Sesamstrasse (aka Sesamstrasse Zeitschrift) is a monthly magazine geared towards children between ages three and eight, which is based on Sesamstrasse, the German co-production of Sesame Street. The magazine was launched in 1973. From the beginning, special holiday and compilation issues were published on the side throughout the year.
During the early 1980s, the monthly issues could only be purchased in stores; shortly after, mail subscriptions became available. The magazine, then published by Condor-Verlag, featured articles from the Dutch Sesamstraat magazine, as well as American contents (sometimes from books like The Sesame Street Dictionary) and German material. Another often used source for comic strip content was the Spanish series Epi / Blas ...y los demás; with one notable strip establishing Die Muppets-Show as Lulatsch's (Herry Monster's) favorite TV show in this translation.
Before the local street characters were introduced to German viewers of the TV show in 1978, the bimonthly magazine featured original American characters, and "CTW" on the logo for its first issue. On the following first dozen issues this was replaced with "HR · NDR · WDR," the initials for the German networks that aired the show. Each of these issues featured an illustrated poster of one main character, highlighting even such characters as Guy Smiley, Professor Hastings, Sherlock Hemlock and Little Bird. All posters taped together would eventually form an elaborate mega poster of the Sesame Street characters playing out on a summer's day. When the local characters were introduced on TV and in the magazine's stories, the logo was changed again, now reading "Für Kinder" (for children). Further the print paper and format were changed slightly, and the magazine was issued monthly.

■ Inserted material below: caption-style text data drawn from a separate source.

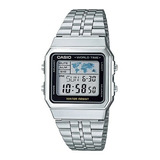 Reloj Casio Hombre A-500wa-1d Gtia 2 Años Agente Oficial 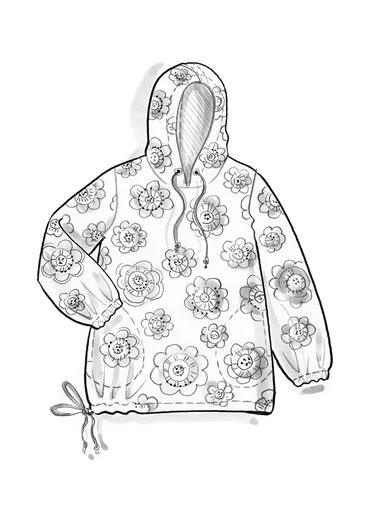 Trikoohuppari "Soho" ekopuuvillaa - himmeä petroli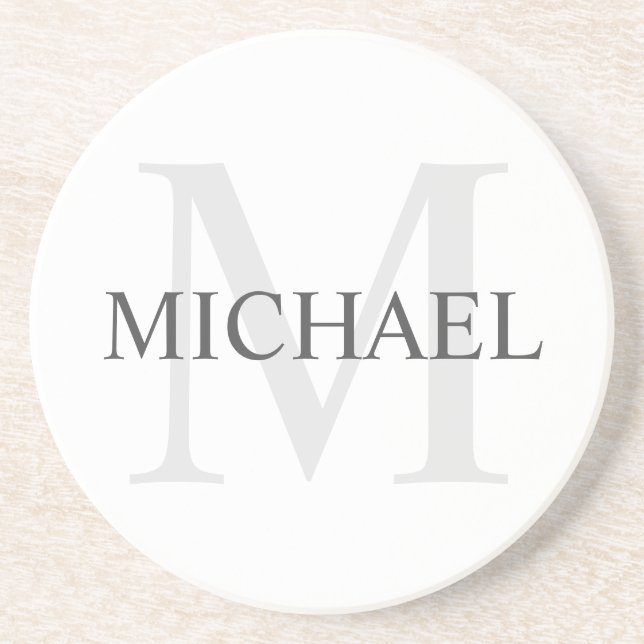Personalized Monogram and Name Coaster (Front)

Along with the introduction of the German characters, Dutch characters Tommie and Pino would regularly interact with Sesamstrasse characters Samson, Tiffy, and Finchen. Confusingly, the two foreign characters were never introduced to the magazine's readers as characters from the Dutch co-production, nor was an explanation provided as to why they were never seen on TV.
The magazine, sans the Dutch addition, exists to this day and can be purchased at any store that sells magazines, including grocery stores. When the Dutch characters were dropped, the logo was changed to mirror the updated American logo, simply reading "123" above the Sesamstrasse lettering. Publishing transitioned from Condor Verlag to Panini during the 1990s.